Epilogue
Seorang pemuda, yang sedang berjalan di sebuah gang, tiba-tiba menghentikan langkahnya tepat di sebuah tembok pagar rumah. Ia teringat ketika dahulu, pagar tembok itu tampak tinggi, lebih tinggi dari tubuh yang dan ada sejadah menggantung di atasnya. Ia juga masih ingat bahwa sekitar tujuh tahun yang lalu dirinya pernah berjongkok bawah pagar itu, menangis ketakutan. Sampai seseorang menemukannya dan menolong dirinya pulang ke kampung halaman. Pemuda itu tersenyum, menghela napas yang agak berat, lalu kembali melangkah.
Tiba di sebuah rumah kosan. Pemuda itu kembali mengenang masa lalunya yang sebelumnya pernah ke sana, meski hanya sekali. Tak ada ingatan yang berarti mengenai bangunan berwarna putih itu. Sebab dahulu, ketika dia masuk ke rumah itu, yang ada dipikirkannya hanya keinginannya untuk pulang.
Setelah melihat-lihat ke segala sudut halaman, dia akhirnya masuk.
“Coki, eh, Cecep?” sapa seorang pria tua.
Pemuda itu mengangguk.
“Penghuni kosan baru? Ayo masuk. Bapak kos sudah bilang bakal ada penghuni baru,” ucap pria itu dengan ramah. Sepertinya dia adalah pengurus rumah kosan tersebut.

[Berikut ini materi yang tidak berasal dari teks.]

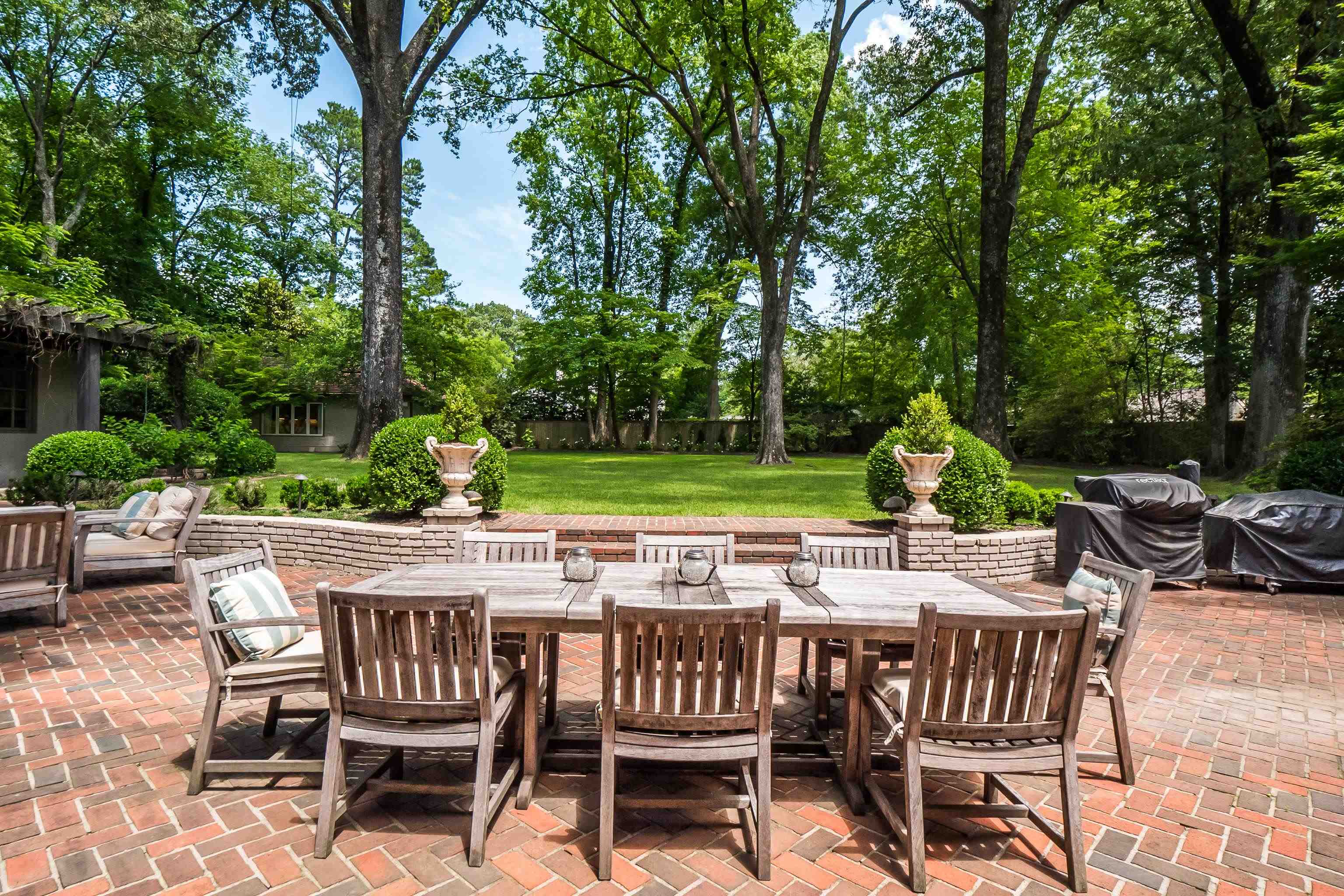 260 W CHERRY CIR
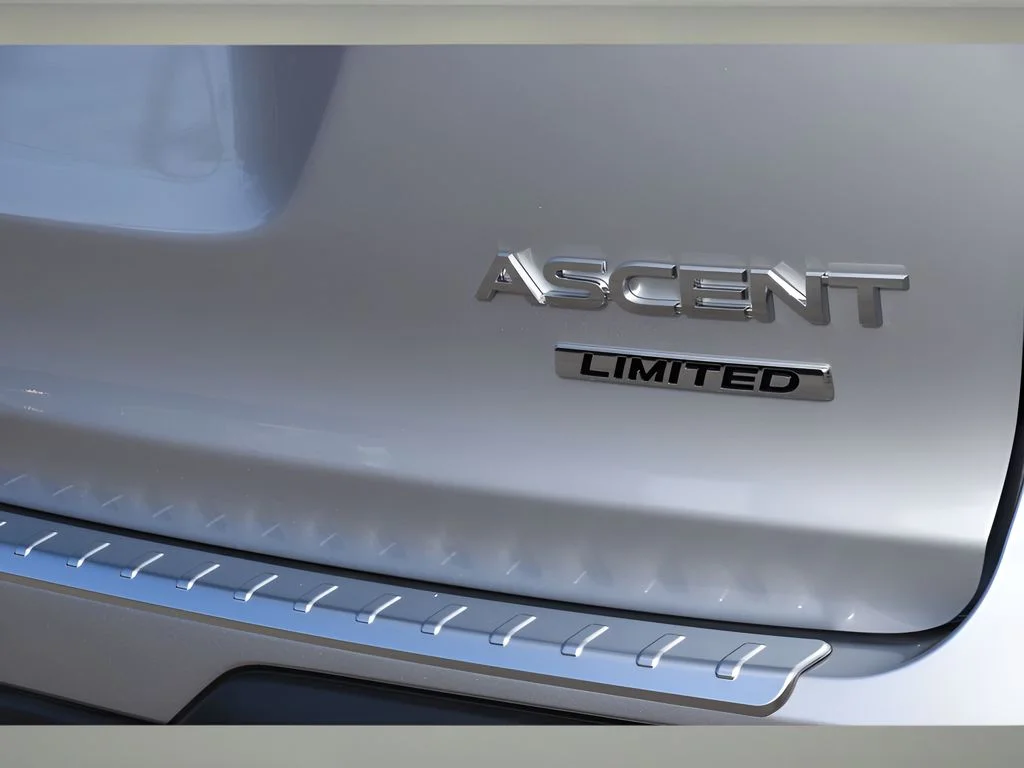 Used 2025 Ice Silver Metallic Subaru Limited image 23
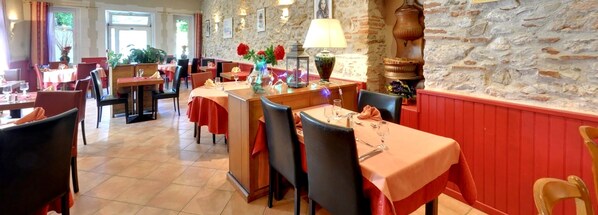 Déjeuner et dîner servis sur place, spécialités Cuisine française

Coki kemudian melangkah masuk dengan carrier hijau di punggungnya. Beberapa pemuda terlihat sedang duduk-duduk di ruang depan. Coki menyapa mereka dengan ramah. Walau sebenarnya dia tidak terlalu ingat dengan keadaan ruang ketika pertama kali ke sana, dia merasa ada banyak perubahan di ruangan itu, termasuk kamar mandi tempat dahulu menumpang tak terlihat di sana.
Pria tua itu mengajak Coki ke lantas atas untuk melihat kamarnya. Beruntung, dia mendapatkan kamar yang sama dengan kamar yang ditempati orang yang menolongnya dahulu.
“Itu PC punya siapa?” tanya Coki.
“Oh, itu punya penghuni kosan yang dulu. Dia sudah lama keluar. Dulu dia simpan komputer itu di sini. Katanya akan dia ambil kapan-kapan. Tapi sudah bertahun-tahun dia tidak datang,” jelas sang pengurus rumah kosan itu. “Monitor sama yang lainnya sudah dijual sama penghuni kosan setelahnya. Tinggal itu saja tersisa,” lanjutnya. “Kalau kamu mau pakai, pakai saja. Tapi mesti beli monitornya sama perangkat lainnya.”
“Baik, Pak. Kebetulan aku kenal pemilik PC itu, Pak.”